THIS IS WHAT DEMOCRACY LOOKS LIKE (Longbridge 1971) Scraps of paper found in Shop Stewards Committee papers at Longbridge reporting on votes held in different shops on a proposed new wage structure.
Car factory democracy very rarely got a good press in the 1970s, as it was usually assumed that the militants were omnipotent tyrants. The reality was more complex. Social practices varied from factory to factory. While some factories preferred to take decision at huge mass meetings attended by 1000s, at Longbridge the preference was for workers to vote at small sectional meetings, then tot the results up at the end. This had its advantages, a smaller meeting meant more chance for questions and contributions from the floor, and stewards could tailor their recommendations to the particular group. On the other hand it did lack a bit of the symbolic value of ten thousand hands going up.

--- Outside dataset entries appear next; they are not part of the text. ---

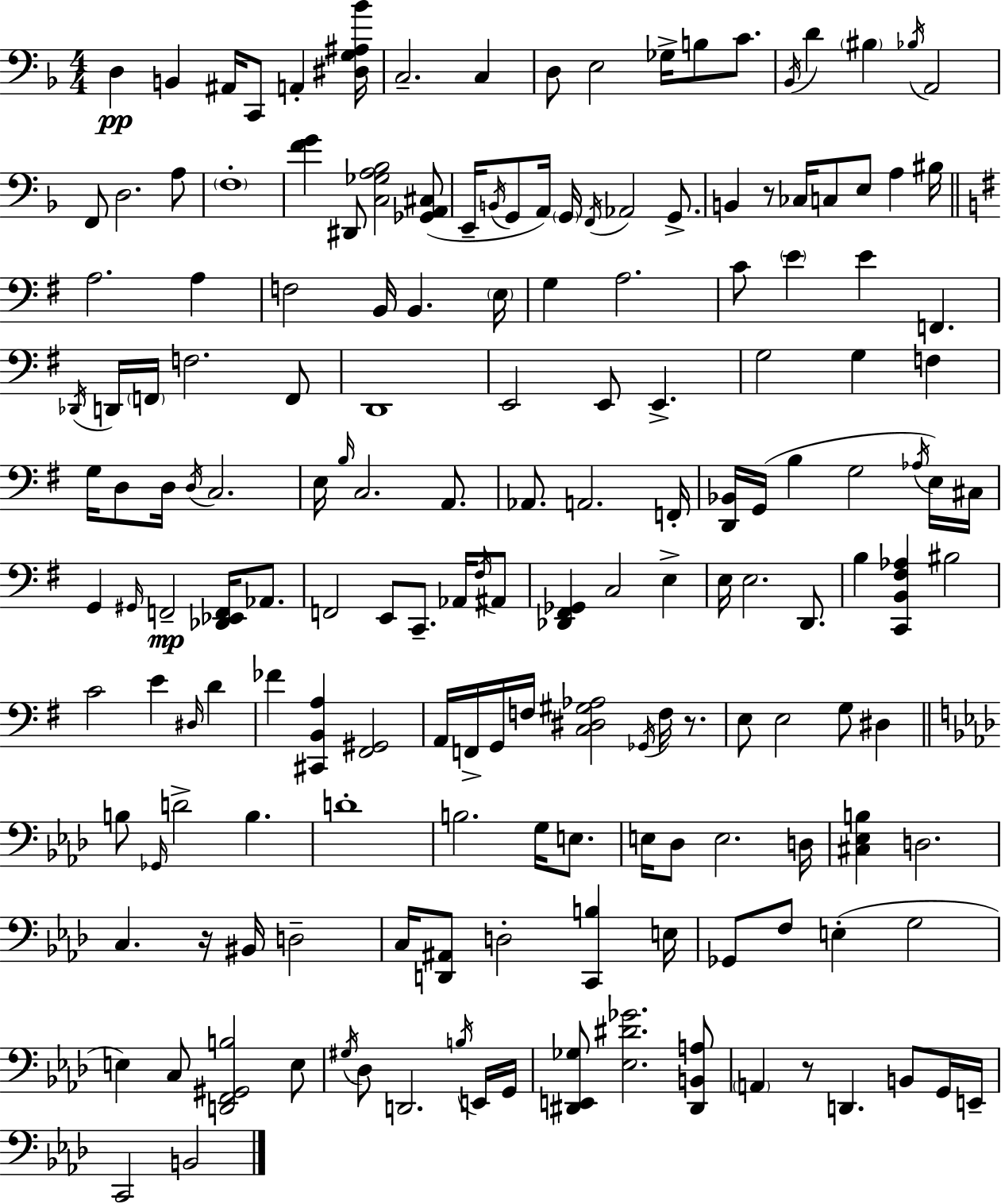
{
  \clef bass
  \numericTimeSignature
  \time 4/4
  \key d \minor
  d4\pp b,4 ais,16 c,8 a,4-. <dis g ais bes'>16 | c2.-- c4 | d8 e2 ges16-> b8 c'8. | \acciaccatura { bes,16 } d'4 \parenthesize bis4 \acciaccatura { bes16 } a,2 | \break f,8 d2. | a8 \parenthesize f1-. | <f' g'>4 dis,8 <c ges a bes>2 | <ges, a, cis>8( e,16-- \acciaccatura { b,16 } g,8 a,16) \parenthesize g,16 \acciaccatura { f,16 } aes,2 | \break g,8.-> b,4 r8 ces16 c8 e8 a4 | bis16 \bar "||" \break \key g \major a2. a4 | f2 b,16 b,4. \parenthesize e16 | g4 a2. | c'8 \parenthesize e'4 e'4 f,4. | \break \acciaccatura { des,16 } d,16 \parenthesize f,16 f2. f,8 | d,1 | e,2 e,8 e,4.-> | g2 g4 f4 | \break g16 d8 d16 \acciaccatura { d16 } c2. | e16 \grace { b16 } c2. | a,8. aes,8. a,2. | f,16-. <d, bes,>16 g,16( b4 g2 | \break \acciaccatura { aes16 } e16) cis16 g,4 \grace { gis,16 }\mp f,2-- | <des, ees, f,>16 aes,8. f,2 e,8 c,8.-- | aes,16 \acciaccatura { fis16 } ais,8 <des, fis, ges,>4 c2 | e4-> e16 e2. | \break d,8. b4 <c, b, fis aes>4 bis2 | c'2 e'4 | \grace { dis16 } d'4 fes'4 <cis, b, a>4 <fis, gis,>2 | a,16 f,16-> g,16 f16 <c dis gis aes>2 | \break \acciaccatura { ges,16 } f16 r8. e8 e2 | g8 dis4 \bar "||" \break \key aes \major b8 \grace { ges,16 } d'2-> b4. | d'1-. | b2. g16 e8. | e16 des8 e2. | \break d16 <cis ees b>4 d2. | c4. r16 bis,16 d2-- | c16 <d, ais,>8 d2-. <c, b>4 | e16 ges,8 f8 e4-.( g2 | \break e4) c8 <d, f, gis, b>2 e8 | \acciaccatura { gis16 } des8 d,2. | \acciaccatura { b16 } e,16 g,16 <dis, e, ges>8 <ees dis' ges'>2. | <dis, b, a>8 \parenthesize a,4 r8 d,4. b,8 | \break g,16 e,16-- c,2 b,2 | \bar "|."
}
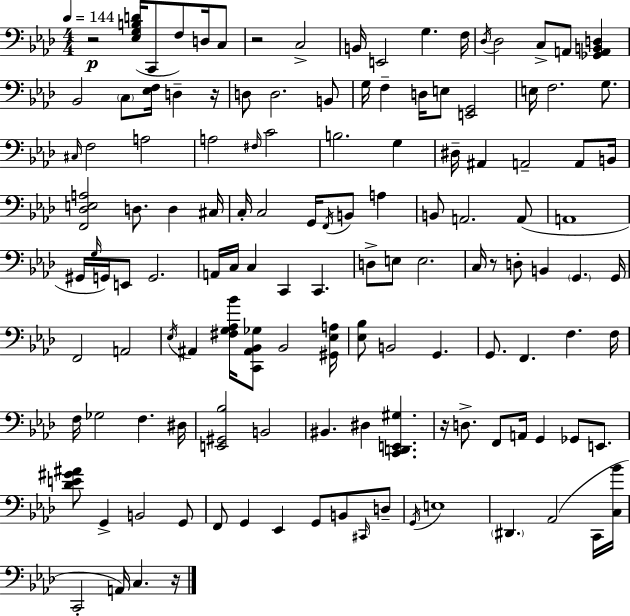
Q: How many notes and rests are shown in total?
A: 131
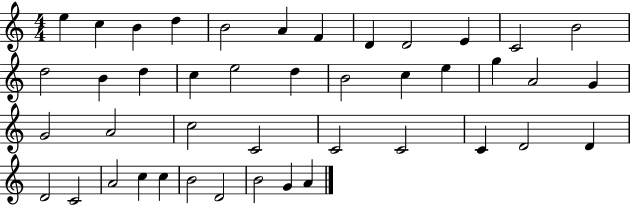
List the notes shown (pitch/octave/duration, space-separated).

E5/q C5/q B4/q D5/q B4/h A4/q F4/q D4/q D4/h E4/q C4/h B4/h D5/h B4/q D5/q C5/q E5/h D5/q B4/h C5/q E5/q G5/q A4/h G4/q G4/h A4/h C5/h C4/h C4/h C4/h C4/q D4/h D4/q D4/h C4/h A4/h C5/q C5/q B4/h D4/h B4/h G4/q A4/q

In this particular vote the Works Committee’s recommendation was passed, although as you can see a number of people felt confident enough to vote against it. In fact this was the second vote, the workers had turned down an earlier (less generous) offer and this was the second attempt to get their agreement.
It’s interesting to compare with this with democracy in modern workplaces and in modern trade unions. In how many workplaces would there be space for these sorts of discussions and meetings? To what extent to modern postal ballots prevent this sort of direct collective democracy?